- **Stored data**:
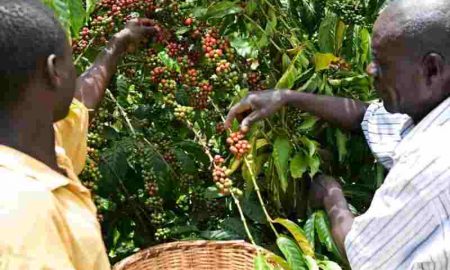 Le café haut de gamme ougandais cherche des marchés mondiaux et locaux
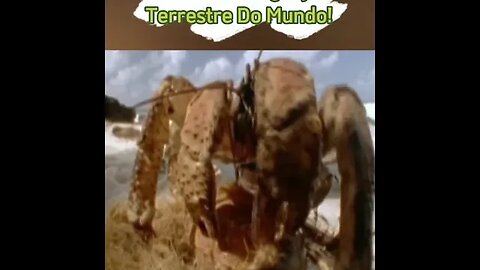 Maior Caranguejo Terrestre Do Mundo #shortsvideo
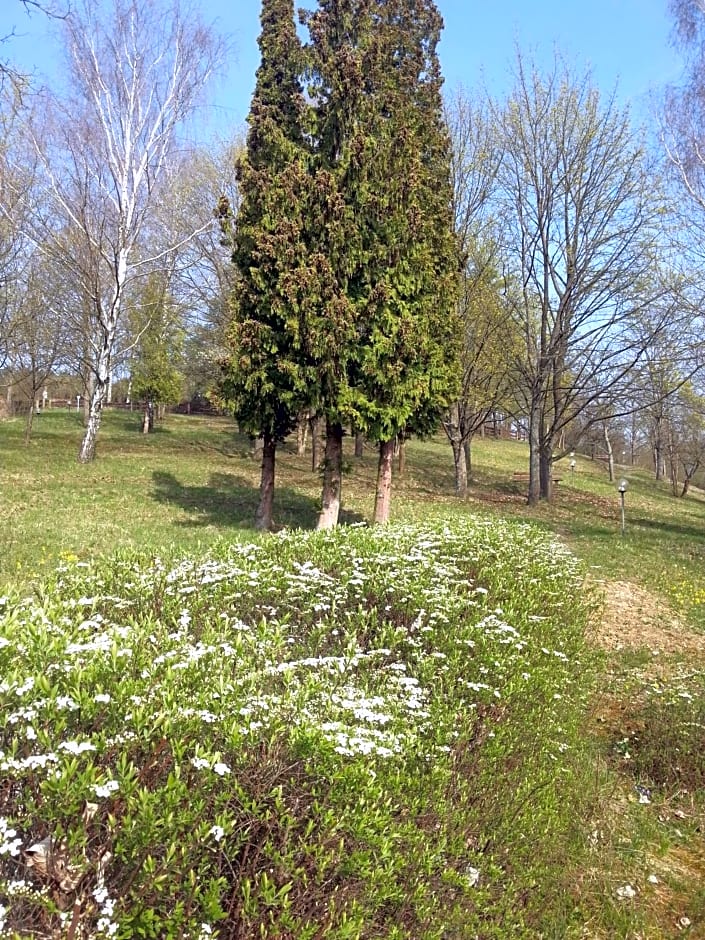 Vitalhotel König am Park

- **What you will do**:
In your answer, copy exactly the lines running from the line with "Maior Caranguejo Terrestre" to the end of the material above, both included, and omit all pictures.

- **Result below**:
 Maior Caranguejo Terrestre Do Mundo #shortsvideo
 Vitalhotel König am Park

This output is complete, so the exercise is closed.